Reconectar una plataforma de perforación a un pozo de alivio para detener para siempre el vertido podría tomar ese lapso de tiempo, dijo Robert Donaldson, portavoz del equipo de supervisión del derrame del Gobierno estadounidense.

Más tarde, el jefe del equipo de respuesta del Gobierno estadounidense, el almirante retirado Thad Allen, dijo que los trabajos tardarían al menos entre 7 y 9 días en ser retomados.

"El Development Driller 3 ha iniciado su regreso, ya que la tormenta no es tan fuerte como pensamos que sería", dijo Donaldson.

BP ha afirmado que espera cerrar permanentemente la filtración para mediados de agosto.

En tanto, Kenneth Feinberg, el administrador independiente que dirige el fondo de 20.000 millones de dólares establecido por BP Plc para compensar a las personas por las pérdidas financieras derivadas del derrame, dijo que la gigante británica está demorando los pagos a las víctimas.

"Me preocupa que BP esté demorando los reclamos. Sí, BP está demorando. Dudo que lo estén retrasando por dinero, no es eso. Simplemente no creo que tengan las respuestas a las preguntas (de los solicitantes)", dijo Feinberg a periodistas en Alabama.

Regreso de buques.  La plataforma y otros buques estaban siendo preparados el sábado para volver al lugar del derrame tras haber dejado la zona ante la cercanía de la depresión tropical Bonnie, sostuvo un portavoz de BP.

"Se está preparando a la plataforma para retornarla al sitio del derrame tan rápido como sea posible", dijo Jessie Baker, portavoz de BP, quien no pudo aclarar cuándo se reanudarían las operaciones de la plataforma.

El Centro Nacional de Huracanes de Estados Unidos (CNH) dijo que la depresión tropical Bonnie tenía menos probabilidades de volver a desarrollarse en una tormenta y que podría degenerar en una zona de bajas presiones durante el sábado.

La cercanía de la tormenta forzó a muchos trabajadores y buques en el lugar del derrame a evacuar.

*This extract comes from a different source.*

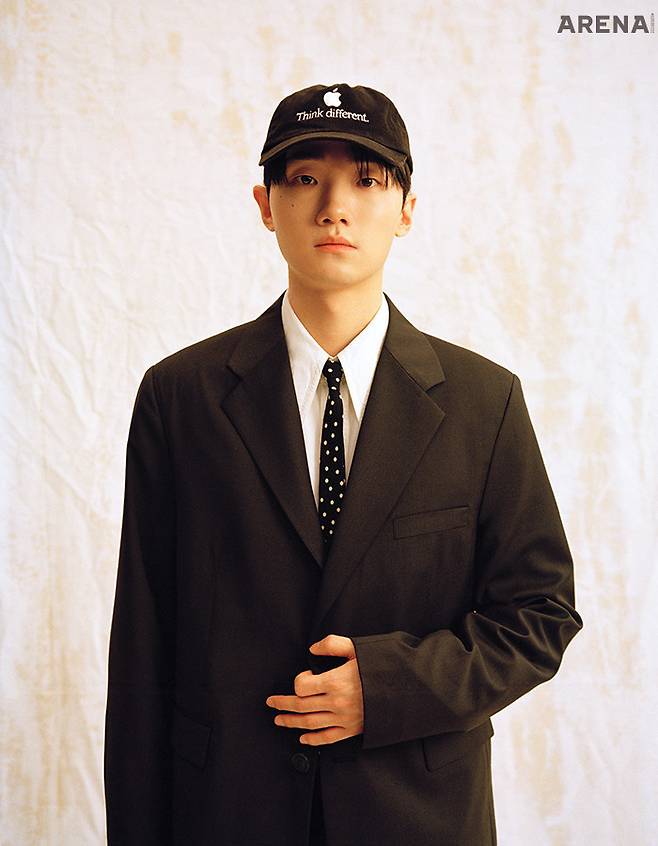 재킷·팬츠 모두 엠에프펜 by 슬로우스테디클럽, 모자·셔츠·타이 모두 스타일리스트 소장품.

"Pensamos que el sistema ya no amenaza con convertirse de nuevo en tormenta tropical", dijo Lixion Avila, meteorólogo del centro de huracanes con sede en Miami.

El funcionario dijo que Bonnie, que el viernes fue degradada desde tormenta tropical a depresión a su paso por el sur de Florida hacia el Golfo de México, podría disiparse en una zona amplia de baja presión si sus vientos sostenidos caen otras 5 millas (8 kilómetros) por hora más tarde el sábado.

La tormenta se encaminaba a tocar tierra entre la costa de Luisiana y el territorio noroeste de Florida a última hora del sábado.

El dañado pozo submarino -que se encuentra 1,6 kilómetros bajo la superficie del mar- está frente a la costa de Luisiana.

BP selló la filtración la semana pasada con una cúpula de contención que detuvo el flujo por primera vez tras la explosión del 20 de abril que causó la muerte de 11 trabajadores e inició el peor derrame de crudo en la historia de Estados Unidos.

Los preparativos por el paso de Bonnie también retrasaron otra solución potencial al desastre, el lanzamiento de la operación "static kill" para bombear lodo pesado y posiblemente enviarlo al pozo averiado para su cierre. Funcionarios estadounidenses señalaron que la operación podría tardar entre tres y cinco días en ser retomada.